The problem with implementing module-level parallelism on the Cabal level is that running a lot of separate ghc -c processes in parallel is slower than ghc --make -j because there is no shared interface file cache in the former case. So maybe it'd be easier to make multiple parallel ghc --make -j processes to coordinate better via a shared semaphore for limiting parallelism. I have an old unfinished patch set for that: https://github.com/23Skidoo/cabal/commits/num-linker-jobs.

Good point about emitting language extensions info, that'd be useful.

What would be cool is if ghc --make/-ddump-module-graph could serialise and reuse the compilation graph info between runs, like https://github.com/ezyang/ghc-shake does.

This is precisely what this patch implements.

However, if I understand @duncan correctly, this is not what he had in mind.

The problem with implementing module-level parallelism on the Cabal level is that running a lot of separate ghc -c processes in parallel is slower than ghc --make -j because there is no shared interface file cache in the former case.

Right, I was also concerned about this. However, @duncan has said that the cost of multiple processes wasn't prohibitive in his experience.

What would be cool is if ghc --make/-ddump-module-graph could serialise and reuse the compilation graph info between runs, like https://github.com/ezyang/ghc-shake does.

This is precisely what this patch implements.

Hmm, I was under impression that it only took care of the "serialise" part, not the "load & reuse" part that would give us Shake-style fast recompilation checks.

Right, I was also concerned about this.
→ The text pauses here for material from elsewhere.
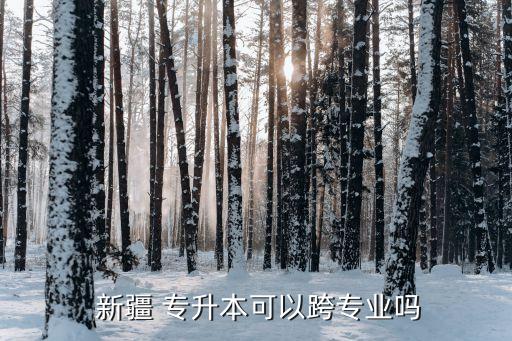 新疆 專(zhuān)升本可以跨專(zhuān)業(yè)嗎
However, @duncan has said that the cost of multiple processes wasn't prohibitive in his experience.

Well, I think that at this point we need some numbers to decide the best way forward.

What would be cool is if ghc --make/-ddump-module-graph could serialise and reuse the compilation graph info between runs, like https://github.com/ezyang/ghc-shake does.
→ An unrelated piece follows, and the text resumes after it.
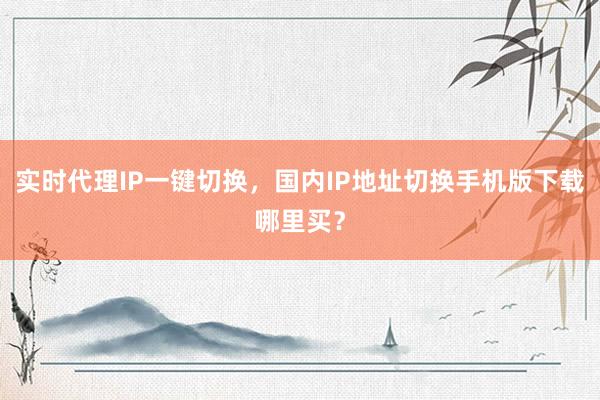 实时代理IP一键切换，国内IP地址切换手机版下载哪里买？
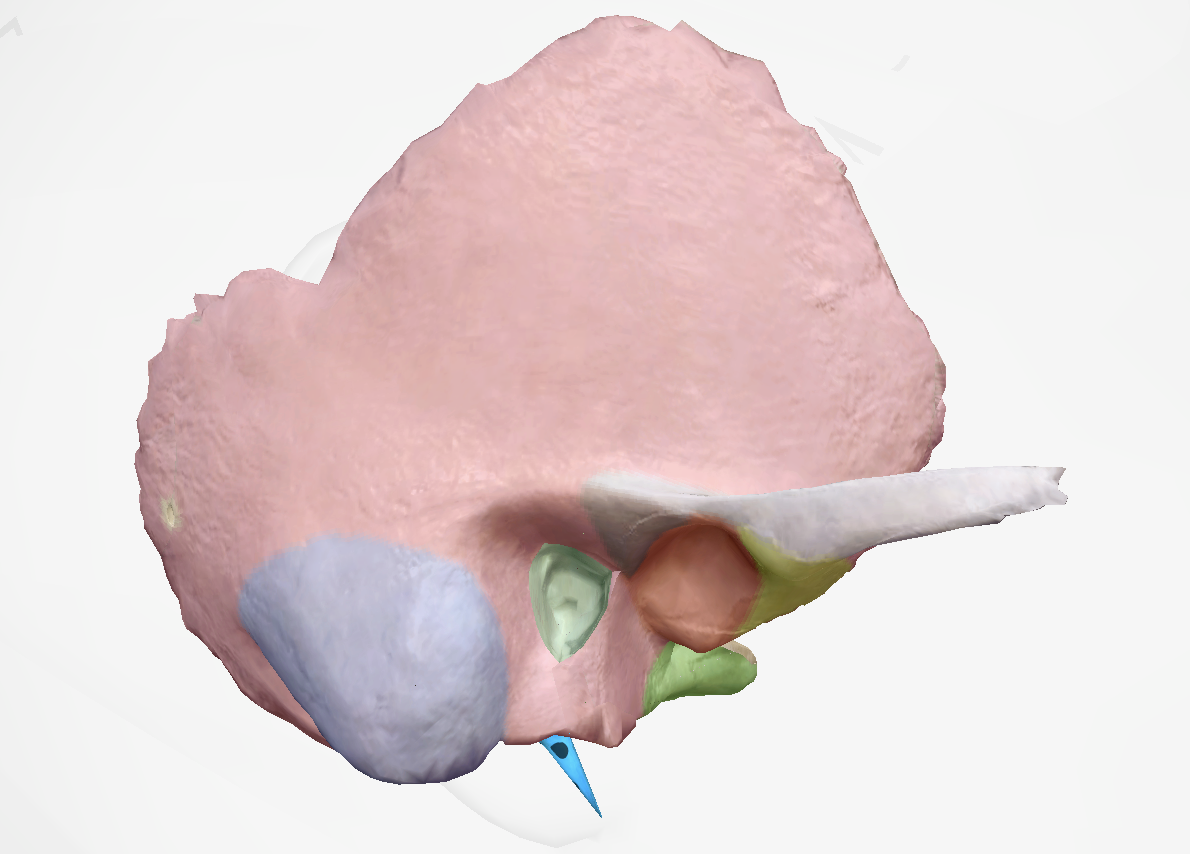 term image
This is precisely what this patch implements.

Hmm, I was under impression that it only took care of the "serialise" part, not the "load & reuse" part that would give us Shake-style fast recompilation checks.
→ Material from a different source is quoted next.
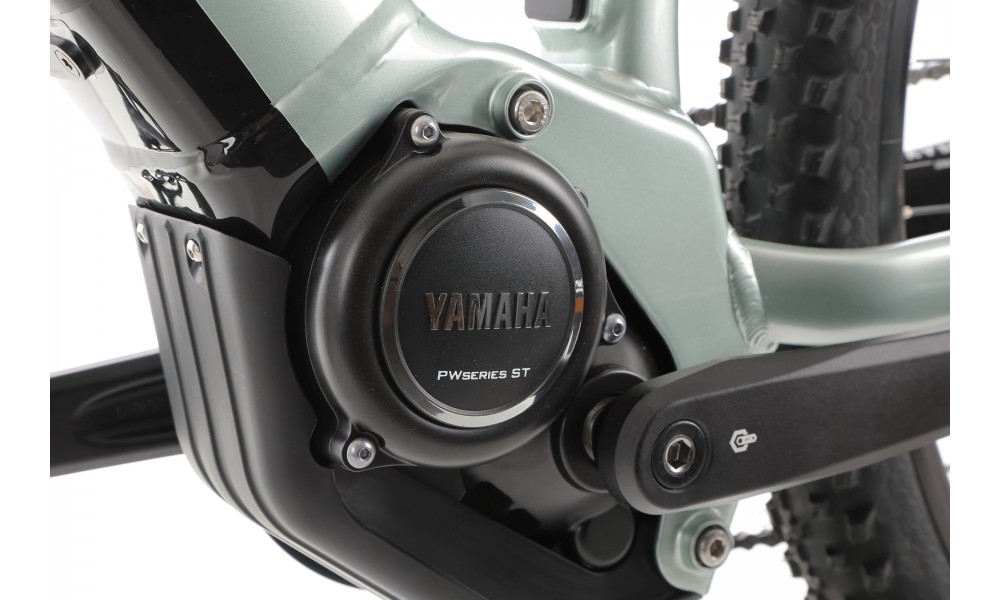 Rower górski elektryczny R-Raymon HardRay E 5.0 29 Yamaha - zielono-czarny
Ahh, I see. Right, this patch definitely does not implement that. That being said, my assumption would be that construction of the module graph should be relatively cheap. Do you have evidence otherwise?

Right, I was also concerned about this. However, @duncan has said that the cost of multiple processes wasn't prohibitive in his experience.

Well, I think that at this point we need some numbers to decide the best way forward.

Indeed.

Hmm, I was under impression that it only took care of the "serialise" part, not the "load & reuse" part that would give us Shake-style fast recompilation checks.

That being said, my assumption would be that construction of the module graph should be relatively cheap. Do you have evidence otherwise?

Well, the aforementioned https://github.com/ezyang/ghc-shake advertises faster recomp checking as one of its main advantages. I can give you numbers on how much it's faster if you want, but it'll take me a bit of time. Maybe @ezyang can also chime in.

I like to cite the README here: https://github.com/ndmitchell/ghc-make for demonstrating why *anything* is better than what we have in ghc --make today. It's pretty simple, really: ghc --make *always* parses the module headers of every module in your package, no ifs ands or buts. A shake based approach can do a single database load, and a quick probe of the timestamps of all files, before deciding no recompilation must be done.

bgamari planned changes to this revision.Nov 2 2017, 10:49 AM

Bumping out of review queue. I would like to continue this, but I think we need a clearer picture of the desired design.